We are seeing a little improvement this morning. Treasury Secretary Geithner stated that there will enough demand for the record amount of debt the US selling, and the chairman of the China Construction Bank reiterated that the US dollar is the main reserve currency cannot be replaced in the short term. There is no scheduled economic news out today, aside from Pending Home Sales later on, so perhaps it will be a quiet but better day for rates. So far the 10-yr is at 3.62%, and mortgage prices are better than yesterday afternoon by .250-.375.

Daily Basis
One afternoon an investment banker was riding in his limousine when he saw two men along the roadside eating grass. Disturbed, he ordered his driver to stop and he got out to investigate.
He asked one man, “Why are you eating grass?”
“We don’t have any money for food,” the poor man replied. “We have to eat grass.”
“Well, then, you can come with me to my house and I’ll feed you,” the banker said.
“But sir, I have a wife and two children with me.

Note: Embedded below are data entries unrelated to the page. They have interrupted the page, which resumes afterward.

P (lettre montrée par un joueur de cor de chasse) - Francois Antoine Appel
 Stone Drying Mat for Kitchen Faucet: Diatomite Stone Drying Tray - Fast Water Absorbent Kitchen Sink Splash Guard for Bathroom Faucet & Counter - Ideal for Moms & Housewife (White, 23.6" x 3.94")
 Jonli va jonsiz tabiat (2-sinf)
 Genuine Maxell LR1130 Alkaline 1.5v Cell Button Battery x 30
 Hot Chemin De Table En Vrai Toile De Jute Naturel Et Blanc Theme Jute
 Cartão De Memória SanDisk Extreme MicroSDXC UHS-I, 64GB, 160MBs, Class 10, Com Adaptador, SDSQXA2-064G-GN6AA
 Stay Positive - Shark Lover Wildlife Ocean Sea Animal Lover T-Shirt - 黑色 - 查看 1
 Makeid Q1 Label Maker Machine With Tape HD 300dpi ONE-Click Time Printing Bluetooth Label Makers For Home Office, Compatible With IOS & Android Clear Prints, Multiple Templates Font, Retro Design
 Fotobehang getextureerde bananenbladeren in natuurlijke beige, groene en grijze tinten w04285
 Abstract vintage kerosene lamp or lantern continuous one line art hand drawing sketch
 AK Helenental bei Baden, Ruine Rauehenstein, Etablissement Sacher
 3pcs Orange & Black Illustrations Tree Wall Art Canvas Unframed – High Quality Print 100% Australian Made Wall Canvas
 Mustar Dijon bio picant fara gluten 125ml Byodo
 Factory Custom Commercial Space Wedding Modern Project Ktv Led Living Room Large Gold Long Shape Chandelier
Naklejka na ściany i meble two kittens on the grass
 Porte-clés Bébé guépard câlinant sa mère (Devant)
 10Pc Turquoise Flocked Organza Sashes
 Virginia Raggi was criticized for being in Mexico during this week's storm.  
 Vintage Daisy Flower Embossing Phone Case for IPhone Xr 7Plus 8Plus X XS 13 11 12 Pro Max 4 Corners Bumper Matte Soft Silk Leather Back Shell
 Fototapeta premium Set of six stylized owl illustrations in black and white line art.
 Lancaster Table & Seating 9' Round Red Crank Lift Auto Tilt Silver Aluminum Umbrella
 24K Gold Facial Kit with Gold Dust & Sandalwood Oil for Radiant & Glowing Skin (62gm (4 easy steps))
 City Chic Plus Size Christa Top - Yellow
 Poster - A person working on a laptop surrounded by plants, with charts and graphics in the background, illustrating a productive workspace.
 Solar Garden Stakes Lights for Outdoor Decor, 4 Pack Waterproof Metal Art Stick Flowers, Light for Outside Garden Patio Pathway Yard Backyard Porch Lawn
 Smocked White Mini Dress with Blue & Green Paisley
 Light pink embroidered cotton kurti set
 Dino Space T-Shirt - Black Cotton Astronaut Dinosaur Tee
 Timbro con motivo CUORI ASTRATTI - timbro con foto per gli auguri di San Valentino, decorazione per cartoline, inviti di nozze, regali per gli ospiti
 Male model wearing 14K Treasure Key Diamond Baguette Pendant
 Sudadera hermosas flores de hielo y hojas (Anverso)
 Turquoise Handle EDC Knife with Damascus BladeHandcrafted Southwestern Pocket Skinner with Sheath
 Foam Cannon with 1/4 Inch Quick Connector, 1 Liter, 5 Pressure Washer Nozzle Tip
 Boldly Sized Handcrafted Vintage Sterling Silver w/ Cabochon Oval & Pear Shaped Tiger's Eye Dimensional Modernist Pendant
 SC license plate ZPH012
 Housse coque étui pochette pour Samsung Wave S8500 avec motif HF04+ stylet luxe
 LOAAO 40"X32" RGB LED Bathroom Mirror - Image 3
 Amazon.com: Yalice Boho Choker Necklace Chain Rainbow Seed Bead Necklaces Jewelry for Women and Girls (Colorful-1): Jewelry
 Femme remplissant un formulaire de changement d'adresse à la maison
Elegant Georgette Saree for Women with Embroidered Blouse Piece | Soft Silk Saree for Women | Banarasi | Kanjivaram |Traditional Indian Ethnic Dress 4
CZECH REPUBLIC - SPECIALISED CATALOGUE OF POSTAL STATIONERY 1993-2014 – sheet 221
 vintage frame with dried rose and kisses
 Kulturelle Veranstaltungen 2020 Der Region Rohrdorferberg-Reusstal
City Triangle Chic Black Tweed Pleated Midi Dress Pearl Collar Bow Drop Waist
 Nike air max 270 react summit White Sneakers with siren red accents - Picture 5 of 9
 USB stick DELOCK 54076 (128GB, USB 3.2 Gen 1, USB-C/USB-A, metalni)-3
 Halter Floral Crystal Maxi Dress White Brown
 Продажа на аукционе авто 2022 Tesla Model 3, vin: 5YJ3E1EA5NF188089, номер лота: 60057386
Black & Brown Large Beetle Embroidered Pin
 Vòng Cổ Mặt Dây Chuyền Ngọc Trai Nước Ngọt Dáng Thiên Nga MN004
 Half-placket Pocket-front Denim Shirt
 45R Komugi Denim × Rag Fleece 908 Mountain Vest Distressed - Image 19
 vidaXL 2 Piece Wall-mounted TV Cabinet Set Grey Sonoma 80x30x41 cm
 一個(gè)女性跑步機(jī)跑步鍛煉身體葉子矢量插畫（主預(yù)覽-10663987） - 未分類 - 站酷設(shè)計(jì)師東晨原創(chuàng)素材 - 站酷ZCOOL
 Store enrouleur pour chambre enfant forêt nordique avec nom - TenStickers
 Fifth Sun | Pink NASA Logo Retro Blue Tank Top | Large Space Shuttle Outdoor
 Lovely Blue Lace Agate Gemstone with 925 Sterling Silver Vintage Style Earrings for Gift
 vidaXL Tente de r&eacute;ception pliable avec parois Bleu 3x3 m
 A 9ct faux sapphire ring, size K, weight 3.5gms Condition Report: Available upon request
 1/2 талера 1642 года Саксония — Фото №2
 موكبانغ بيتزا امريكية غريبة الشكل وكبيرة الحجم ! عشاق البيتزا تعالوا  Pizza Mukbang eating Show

They are over there, under that tree.”
“Bring them along,” the banker replied.
Turning to the other poor man he stated, “You come with us, also.”
The second man, in a pitiful voice, then said, “But sir, I also have a wife and SIX children with me!”
“Bring them all, as well,” the banker answered.
They all entered the car, which was no easy task, even for a car as large as the limousine was.
Once underway, one of the poor fellows turned to the banker and said, “Sir, you are too kind. Thank you for taking all of us with you.”
The banker replied, “Glad to do it. You’ll really love my place. The grass is almost a foot high.”